Is that all? Not even remotely.

I still remember it used to take months going through the IT department to procure databases in the old days. Early-generation SaaS offerings dramatically changed that to 10-60 minutes, even for dedicated tenancy. The expectation these days is a couple of minutes at best.

If that was not enough, life is not static. Your users may need more capacity for a planned event, or there may be a sudden spike due to an unplanned event, or maybe you want to upgrade their infrastructure to take advantage of cheaper and latest generation hardware, or roll out performance improvements or security patches. Imagine telling your customers to wait for an hour, and we will scale your capacity. It has to be real-time.

But hang on, what happens after the spike? Do you want to continue to charge your customers at that rate? Now, you have to scale down your entire stack of microservices and infrastructure, and maybe even have to go down to zero and seamlessly scale up on-demand.

Finally, you have to worry about tenant data after de-provisioning or off-boarding, considering experience, regulatory and privacy requirements, and cost perspective. For example, how would you handle accidental deletes by your tenants and yet address all the above requirements?

Tenant Health

SaaS applications need to be highly available, with several 9’s of SLA. We have to deal with all sorts of failures, ranging from hardware failures, software failures, hung processes, data center power outages, networking switch failures, degraded storage, to correlated failures, and so on. You will have to keep track of per-tenant SLAs not only to monitor their health and take proactive actions before their availability falls below their SLA, but also to take necessary actions to remediate common issues.

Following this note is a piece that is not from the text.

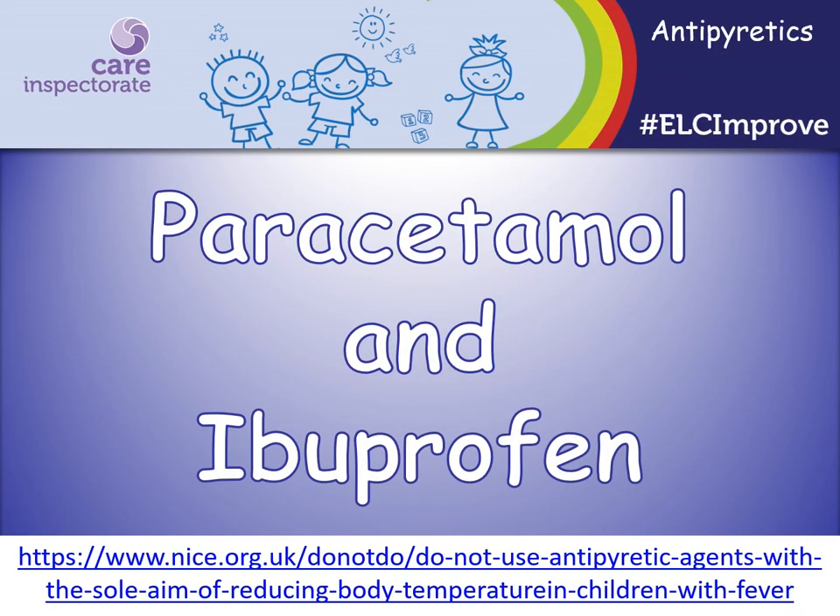Children's paracetamol or ibuprofen works as antipyretics which help to reduce fever as well as being painkillers. You can't give them both at the same time but if one doesn't work you may want to try the other one later. Antipyretics aren't always necessary — if a child isn't distressed by the fever or underlying illness there's no need to use antipyretics to reduce a fever. More information about this can be found on the website on the screen. We often find systems are not in place to determine whether children have been given any medication, including paracetamol and ibuprofen, before arriving at the service.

In addition, there are times when you will have to perform upgrades: this includes infrastructure upgrades, OS upgrades, K8s upgrades, software upgrades, CVEs, etc. First, you will need to automate the whole process at every level and build a reliable zero-downtime mechanism. Second, some of your tenants may have constraints on when and how they can be upgraded. For example, most retailers don’t want to touch their tech stack during their Black Friday sale event, as any downtime during that time will have a huge financial impact. Third, your tenants may have special requirements, from communication and visibility to testing requirements. Now, there are several tenants, and depending on the isolation mode, there might be cross-tenant impact, and then, as a given tenant scales, the service should be able to scale to keep up with the load.

Handling reliability from common managed and unmanaged failures is one thing; protecting against disasters like region-wide failures is another. You will have to build solutions and offer controls to protect against such disasters or live with the risk of the entire business going down any day. As an example, one classic mistake that many SaaS companies make is to run their entire control plane in one region and in one cloud, putting not only their business at risk but also all of their customers.

Building a service to handle everything from scaling seamlessly, protection against noisy tenants, detecting different failures quickly, performing L1 recovery and logging the event, alerting the operator to loop in support, upgrading with zero downtime, and having per-tenant control on when/how to upgrade, along with fleet-wide visibility, is NOT trivial.

Tenant Experience

To interact with the SaaS service, we will need to build some sort of UX (API, GUI, CLI) interaction. We will need UX for your core application and also for management operations like tenant onboarding, access control, account management, auditing, etc. For HubSpot, the core application is CRM, for MongoDB it's the database, for Zendesk it's customer service software.

These UX across core application and management operations may be blended together like HubSpot SaaS or may be disjointed like MongoDB SaaS, depending on the domain and product. In the latter case, even though you have a separate management portal from the application (MongoDB database) experience itself, they are still linked together. A SaaS user interacts with the management portal/API to provision (and other management operations) and uses the generated endpoint to interact with their database.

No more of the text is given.